For version control, we have a mantra that if it's more than ad hoc analysis, it gets pushed. That way information is centrally stored and others can collaborate on it easily. For branching, simple projects only have a master branch but more complex ones could have two types of branches:

  1. Master/Develop: This is where the published branch is on Master but additional development work goes into develop. These are for simple apps where there are few feature requests and it has a very narrow scope.
  2. Master/Version: Like above, Master is the published version, but each new version of the software has a branch created for it. This allows us to assign issues/milestones to a specific branch version.

In general, I strongly recommend using the issue/milestone featuring for complex apps. It's fantastic and it provides some much more transparency into development than most had seen.

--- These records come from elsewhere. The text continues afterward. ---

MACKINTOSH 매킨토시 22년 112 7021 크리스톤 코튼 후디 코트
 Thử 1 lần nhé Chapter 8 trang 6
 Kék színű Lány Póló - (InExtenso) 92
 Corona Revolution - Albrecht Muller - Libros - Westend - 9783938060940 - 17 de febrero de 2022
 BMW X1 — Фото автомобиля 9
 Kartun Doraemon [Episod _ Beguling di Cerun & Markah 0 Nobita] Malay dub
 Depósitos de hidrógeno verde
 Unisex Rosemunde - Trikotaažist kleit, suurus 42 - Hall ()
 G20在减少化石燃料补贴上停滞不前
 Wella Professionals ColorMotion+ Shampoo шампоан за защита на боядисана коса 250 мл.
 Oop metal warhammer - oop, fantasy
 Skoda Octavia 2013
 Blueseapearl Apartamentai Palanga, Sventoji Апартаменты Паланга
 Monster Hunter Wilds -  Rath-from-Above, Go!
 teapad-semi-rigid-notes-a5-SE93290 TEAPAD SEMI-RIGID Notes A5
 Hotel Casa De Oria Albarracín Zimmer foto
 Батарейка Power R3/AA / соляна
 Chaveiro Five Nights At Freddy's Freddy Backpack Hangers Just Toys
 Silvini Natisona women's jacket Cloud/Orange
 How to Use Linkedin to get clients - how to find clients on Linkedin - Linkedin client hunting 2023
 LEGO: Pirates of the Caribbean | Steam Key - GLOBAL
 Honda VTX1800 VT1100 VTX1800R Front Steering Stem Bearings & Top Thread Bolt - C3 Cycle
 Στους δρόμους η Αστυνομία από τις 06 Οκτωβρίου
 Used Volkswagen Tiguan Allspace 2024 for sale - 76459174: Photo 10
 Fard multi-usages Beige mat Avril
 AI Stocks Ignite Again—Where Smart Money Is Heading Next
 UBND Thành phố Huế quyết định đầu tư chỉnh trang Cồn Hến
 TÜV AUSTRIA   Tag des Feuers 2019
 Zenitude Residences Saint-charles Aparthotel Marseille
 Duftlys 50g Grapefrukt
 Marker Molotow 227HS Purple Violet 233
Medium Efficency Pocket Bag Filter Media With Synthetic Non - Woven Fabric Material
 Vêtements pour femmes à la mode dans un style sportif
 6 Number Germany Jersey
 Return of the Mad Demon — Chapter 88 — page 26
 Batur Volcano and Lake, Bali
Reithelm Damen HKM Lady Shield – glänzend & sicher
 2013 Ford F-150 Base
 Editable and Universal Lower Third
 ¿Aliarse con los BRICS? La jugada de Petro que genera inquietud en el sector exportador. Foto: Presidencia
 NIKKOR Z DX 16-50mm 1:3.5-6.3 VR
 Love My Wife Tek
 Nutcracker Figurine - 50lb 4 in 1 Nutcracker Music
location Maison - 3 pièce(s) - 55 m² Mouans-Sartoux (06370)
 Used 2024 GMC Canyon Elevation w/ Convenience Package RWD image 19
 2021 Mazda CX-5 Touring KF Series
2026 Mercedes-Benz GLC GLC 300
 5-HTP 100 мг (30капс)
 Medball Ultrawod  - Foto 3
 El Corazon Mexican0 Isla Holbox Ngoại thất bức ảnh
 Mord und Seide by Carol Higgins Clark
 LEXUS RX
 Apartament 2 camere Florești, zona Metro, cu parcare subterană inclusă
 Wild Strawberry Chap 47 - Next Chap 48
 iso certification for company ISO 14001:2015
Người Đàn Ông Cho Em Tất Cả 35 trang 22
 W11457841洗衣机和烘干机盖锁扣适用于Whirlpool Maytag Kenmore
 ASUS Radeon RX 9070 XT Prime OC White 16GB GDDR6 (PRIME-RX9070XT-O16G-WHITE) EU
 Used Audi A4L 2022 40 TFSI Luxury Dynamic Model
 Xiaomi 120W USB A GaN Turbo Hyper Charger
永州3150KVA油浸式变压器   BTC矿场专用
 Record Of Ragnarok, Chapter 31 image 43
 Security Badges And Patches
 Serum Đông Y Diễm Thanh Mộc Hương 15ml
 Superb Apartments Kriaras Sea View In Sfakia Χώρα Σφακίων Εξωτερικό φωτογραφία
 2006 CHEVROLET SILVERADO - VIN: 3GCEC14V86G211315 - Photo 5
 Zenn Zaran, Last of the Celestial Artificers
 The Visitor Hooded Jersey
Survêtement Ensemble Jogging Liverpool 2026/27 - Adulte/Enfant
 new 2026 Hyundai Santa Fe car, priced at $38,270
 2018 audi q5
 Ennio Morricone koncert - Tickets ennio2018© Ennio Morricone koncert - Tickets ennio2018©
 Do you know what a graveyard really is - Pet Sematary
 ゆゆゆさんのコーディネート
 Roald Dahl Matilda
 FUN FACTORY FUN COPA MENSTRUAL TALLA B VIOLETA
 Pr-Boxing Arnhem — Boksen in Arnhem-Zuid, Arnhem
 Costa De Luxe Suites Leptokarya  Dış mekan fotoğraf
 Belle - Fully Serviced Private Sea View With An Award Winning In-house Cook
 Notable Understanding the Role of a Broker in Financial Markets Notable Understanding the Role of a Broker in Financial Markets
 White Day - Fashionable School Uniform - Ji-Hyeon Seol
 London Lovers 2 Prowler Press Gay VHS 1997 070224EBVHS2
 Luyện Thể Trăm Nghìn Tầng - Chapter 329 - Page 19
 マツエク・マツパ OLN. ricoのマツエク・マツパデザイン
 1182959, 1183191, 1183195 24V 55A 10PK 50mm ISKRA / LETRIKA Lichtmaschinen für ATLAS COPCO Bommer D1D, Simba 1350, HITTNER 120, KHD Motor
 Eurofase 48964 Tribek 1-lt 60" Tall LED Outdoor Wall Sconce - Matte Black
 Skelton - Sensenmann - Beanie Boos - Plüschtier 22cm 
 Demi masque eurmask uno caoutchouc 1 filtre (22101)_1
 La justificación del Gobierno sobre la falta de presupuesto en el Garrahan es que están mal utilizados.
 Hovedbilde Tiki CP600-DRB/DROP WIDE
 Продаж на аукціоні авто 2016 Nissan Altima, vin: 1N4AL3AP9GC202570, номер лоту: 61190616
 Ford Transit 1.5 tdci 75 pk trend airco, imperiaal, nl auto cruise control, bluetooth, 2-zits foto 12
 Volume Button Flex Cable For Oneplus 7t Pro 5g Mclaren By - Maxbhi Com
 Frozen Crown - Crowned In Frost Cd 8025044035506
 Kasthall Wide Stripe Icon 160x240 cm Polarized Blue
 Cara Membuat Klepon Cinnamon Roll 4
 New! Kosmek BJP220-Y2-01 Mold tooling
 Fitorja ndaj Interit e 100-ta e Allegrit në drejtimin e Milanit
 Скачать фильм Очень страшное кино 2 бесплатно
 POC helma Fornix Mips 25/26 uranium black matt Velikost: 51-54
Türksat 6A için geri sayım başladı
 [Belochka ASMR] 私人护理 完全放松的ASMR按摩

For testing and validation, we are moving away from paper testing as it is slow and doesn't provide enough complexity. Shinytest for validating changes to shiny apps and testthat for unit testing are great tools. Definitely look into them and consider integrating them into your development pipeline. We don't use CI but Shinytest should allow you to perform that functionality along with Gitlab. Here's a link.

For ETL type jobs, we converted them to RMarkdown documents. Anything that's a cronjob can be converted into a RMarkdown document. This accomplishes a few things:
1: Allows for documentation in Gitlab
2. Creates transparency in how ETL works
3. Centralizes code development in RStudio Server
4. Centralizes code execution in RStudio Connect

One thing that isn't discussed here but is really important are commenting and naming convention. If your group is like ours, you have a team of non-software developers performing software development. In many cases these folks have not been taught to follow any type of logical naming convention or to unitize their code into reproducible chunks. This is a cultural thing but you can start by developing a standard naming convention for variables. It helps by getting everyone to try and standardize the feel of the code and slows them down when writing. We haven't completely eliminated every "data_final_2b" variable, but it has helped.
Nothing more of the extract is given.